Acoording to Wikipedia : The Fisher–Yates shuffle is an algorithm for generating a random mix of a finite sequence—basically, the algorithm shuffles the sequence. The algorithm effectively puts all the elements into a hat; it continually determines the next element by randomly drawing an element from the hat until no elements remain. The algorithm produces an unbiased permutation: every permutation is equally likely. The modern version of the algorithm is efficient: it takes time proportional to the number of items being shuffled and shuffles them in place.

## Algorithm steps

• According to this algorithm we should loop the array from back to front.

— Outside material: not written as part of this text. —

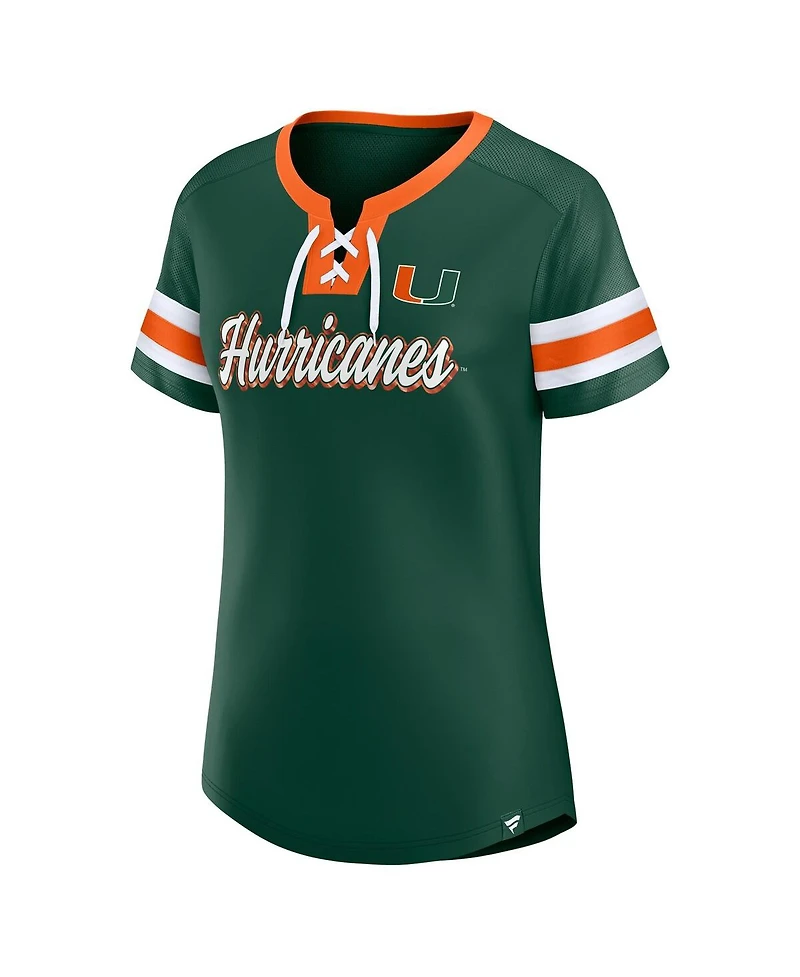 Fanatics Women's Green Miami Hurricanes Iconic Athena Lace-Up T-Shirt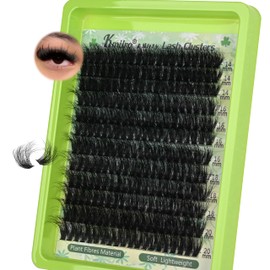 Kmilro Lash Clusters 14-20mm Long 150D Thick Cluster Eyelash Extensions Waterproof Volume Eyelash Clusters 240Pcs Individual Lashes Soft Wispy False Eyelashes DIY Lash Extension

For instance, in the following example, we have an array consisting of 8 elements(A,B,C,D,E,F,G,H) from index 0 to index 7. So the first loop pass will affect the element at the last index 7 that is H.

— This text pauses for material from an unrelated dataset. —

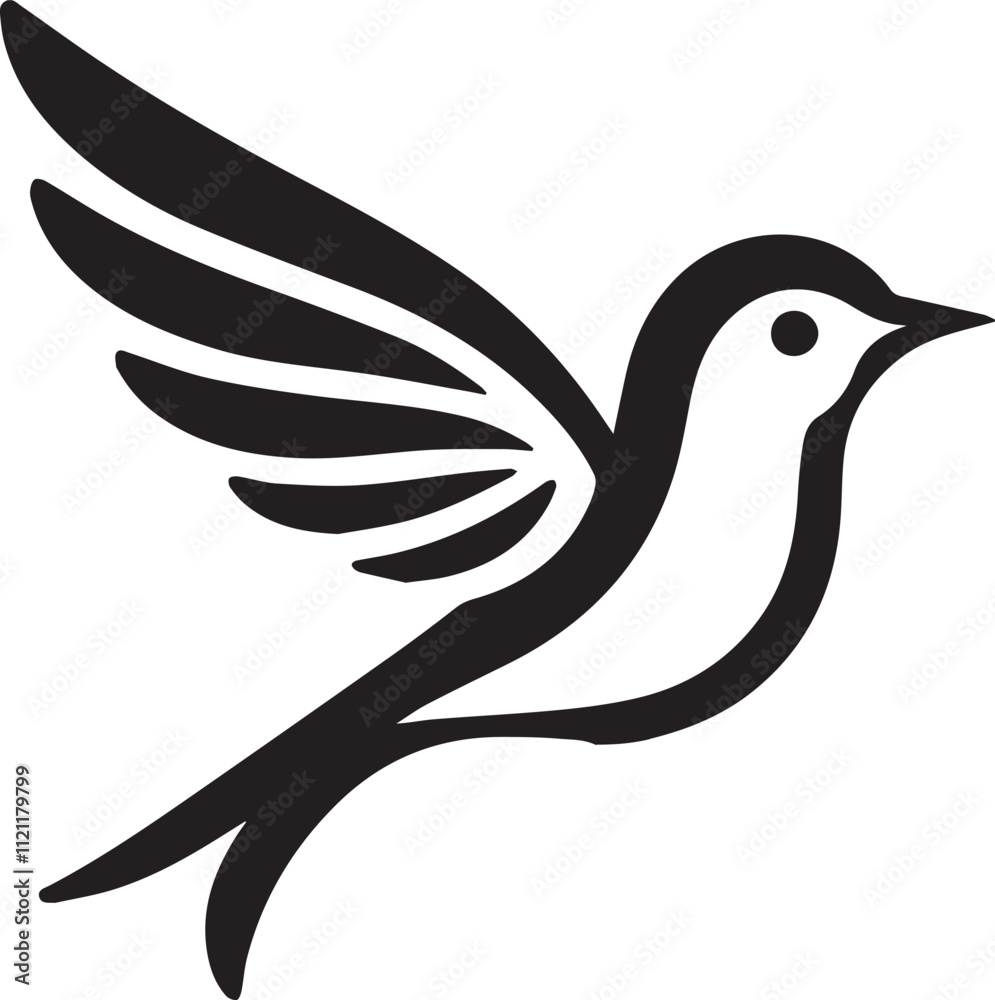 Obraz premium Minimalist black and white bird vector design perfect for logos, illustrations, and creative projects. Clean lines and simple design make it versatile for various digital and print applications.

• Next step is to generate a random number (random index) between the selected index 7 and index 0. For suppose let the random index be 3.
• After getting the random index swap the elements that are in the selected index and at random index.The element at the random index in the provided array is D. So after swapping, the array will be changed to A,B,C,H,E,G,F,D.
• In the second loop pass just ignore the last index (since it is already looped) and try to find the random index between index 0 and index 6 that is between the elements A and F. *Let the generated random index be 2.
• After getting the random index let's swap the elements at indexes at 6 and 2. Now the array will look as A,B,F,H,E,G,C,D.
• This algorithm follows the same pattern that is it ignores index 6 and starts finding random index between index 5 and index 0 and so on until it reached the index 1. It can't take index 0 to loop because there are no indexes less than 0 for swapping purpose.
• Note that there is a possibility that generated random index be selected loop index. For instance, let the loop is running between selected index 4 and index 0. let the random index generated be 4. Then the value at the index 4 will remain at the same position.